PROXIMAL HUMERAL PHYSEAL FRACTURES
Preoperative Considerations
• This type of fracture is seen infrequently in young dogs prior to physeal closure. Closure of the proximal physis occurs between 9 and 15 months of age.
• Except for incomplete fractures, closed reduction is very difficult. Open reduction of complete fractures is recommended.
Surgical Procedure
Technique
Open Reduction
1. After preparing the limb for aseptic surgery, use a cranial approach with cranial retraction of the brachiocephalicus muscle to elevate and expose the fragments.
2. Use small pointed forceps to carefully grasp the epiphysis and use the elevator to lever the fragments into reduction.
3. Achieve fixation with double Kirschner wires or Steinmann pins, beginning at the greater tubercle. To prevent compression of the physis, do not use a figure-eight tension band.
4. Cancellous lag screws have been used by some surgeons, but they can cause interfragmentary compression and premature physeal closure.
PROXIMAL DIAPHYSEAL FRACTURES
Preoperative Considerations
• Proximal fractures are the least common diaphyseal fractures owing to the comparative strength of the humerus in this area.
• Most proximal diaphyseal fractures occur just proximal to the deltoid tuberosity. The distal fragment is displaced cranially due to the pull of the deltoid muscle, and medially due to the pull of the pectoral muscle.
• Evaluate the brachial plexus and the radial nerve. Accurate reduction is important because excessive callus production can produce postoperative pressure on these neural structures.
Surgical Procedure
Technique
Open Reduction
1. For open reduction, use a cranial approach. Incise the skin along the craniolateral aspect of the humerus, beginning at the scapular tuberosity. Incise the fascial attachment of the brachiocephalicus muscle on the cranial aspect of the humerus to allow cranial retraction of the muscle. Elevate the deltoid muscle from the deltoid tuberosity and retract it caudally to gain access to the fracture site.
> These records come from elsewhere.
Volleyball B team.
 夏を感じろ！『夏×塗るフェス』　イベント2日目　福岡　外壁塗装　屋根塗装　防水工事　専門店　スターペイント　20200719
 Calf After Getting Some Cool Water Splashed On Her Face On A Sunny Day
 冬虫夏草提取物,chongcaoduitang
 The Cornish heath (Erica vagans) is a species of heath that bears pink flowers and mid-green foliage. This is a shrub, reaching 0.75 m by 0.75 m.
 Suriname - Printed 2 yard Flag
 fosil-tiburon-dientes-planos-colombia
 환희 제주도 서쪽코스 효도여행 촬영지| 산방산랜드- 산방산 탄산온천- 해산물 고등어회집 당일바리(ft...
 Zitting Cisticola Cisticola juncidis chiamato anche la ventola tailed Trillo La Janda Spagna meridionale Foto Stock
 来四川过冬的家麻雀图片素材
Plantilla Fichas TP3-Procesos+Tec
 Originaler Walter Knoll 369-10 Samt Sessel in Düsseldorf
2. Place single or double Steinmann pins retrograde from the fracture site into the proximal fragment (Fig. 104-1), or place the pins normograde starting at the greater tubercle of the humerus.
3. Because the fractures often are transverse, a single intramedullary pin may not provide rotational stability. Use a type I external fixator (see Chapter 111) or hemicerclage wires to provide rotational stability in a transverse or short oblique fracture.
5. In very large dogs, a bone plate applied to the cranial surface of the humerus is an excellent method of fixation. The basic principle of three screws (six cortices) above and three screws below the fracture site applies.